Flashback to 2009, the big global recession had hit, banks were failing and consumers weren’t sure if their savings accounts would be there in the morning. This unease sparked the launch of Bitcoin, an encrypted digital currency that promised to revolutionize the world economy by ending hard cash, releasing money free from the meddling hands of government regulators and the clutches of rapacious bankers.
The currency caught everyone’s interest, becoming the star of the financial pages, and its worth soared, reaching a high of $1,200 per Bitcoin in 2013. But like all economic fads, these digital dineros faded from the headlines. Beset by electronic exchange breakdowns, theft, the closure of Silk Road (the online drug-trading portal that relied on Bitcoins) and efforts by governments to regulate them out of existence, the currency is not only stalled in value but seems suddenly passé, except, of course, among residents of the geeksphere.

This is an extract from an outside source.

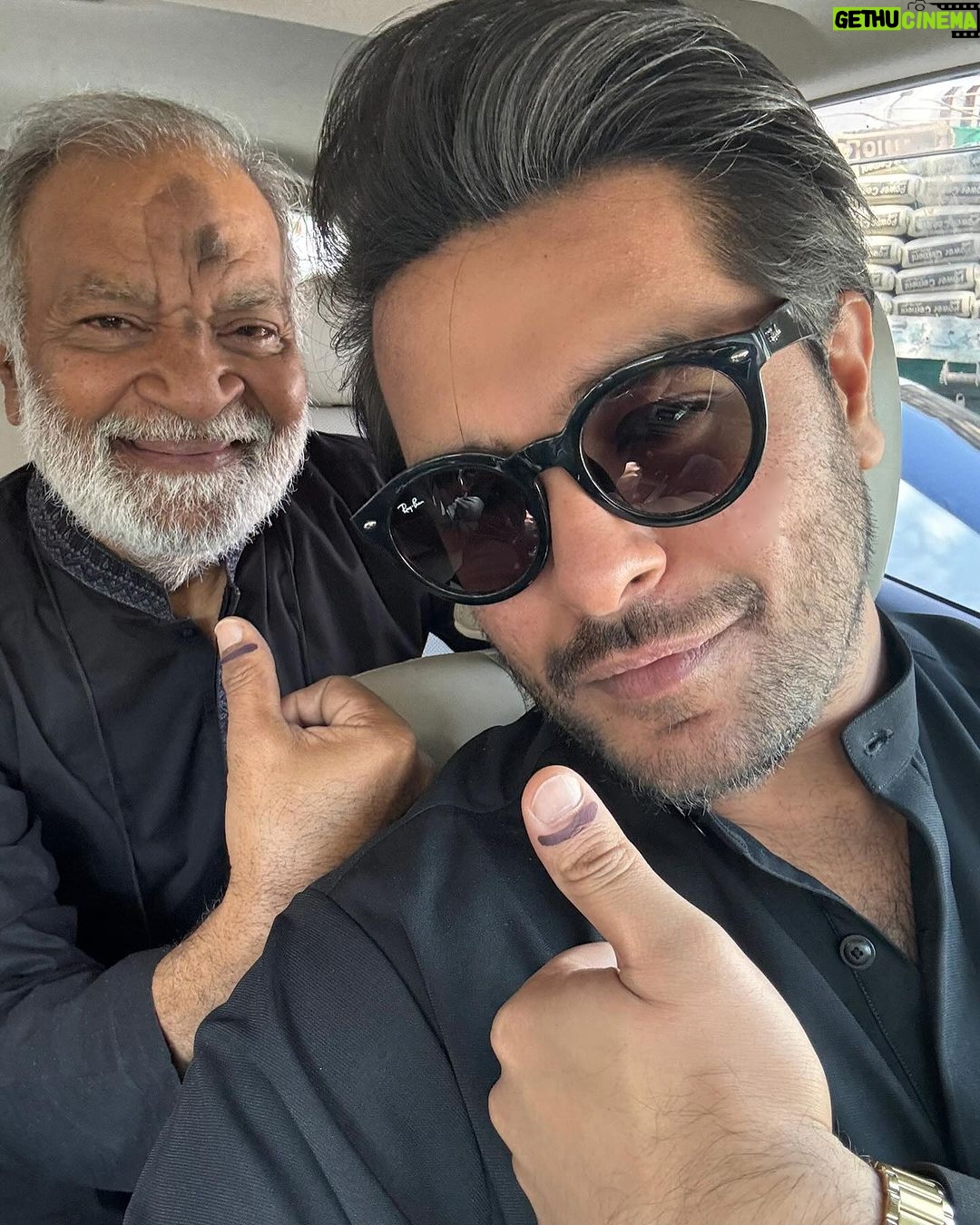 Asim Azhar Instagram - Did you vote? 🇵🇰 we did! 🏏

When they recently failed to realize an expected spike in value from Greeks affected by bank withdrawal restrictions, former Bitcoin-backers were left scratching their heads, offering conflicting arguments for why the currency is stuck in the $250 range. Now, giant fashion retailer H&M is turning the idea of a digital currency on its head, removing it from the shadowy and spasmodic world of online exchanges and employing it as a positive force.
As part of its Global Program for Education, the H&M Conscious Foundation is now issuing Unicoins, a digital currency “dedicated to good.” When a child uploads a drawing of what he or she wants to be when they grow up to unicoins.org, they’ll receive a Unicoin in exchange, a “currency” whose unchanging value is set at one notebook and one pencil. These invaluable tools of learning will be given to UNICEF and distributed to children in the developing world who lack access to early education, giving these youngsters “the best possible start in life.”
Digital currencies may come and go but charitable acts never seem to go out of fashion. Get the grandkids drawing.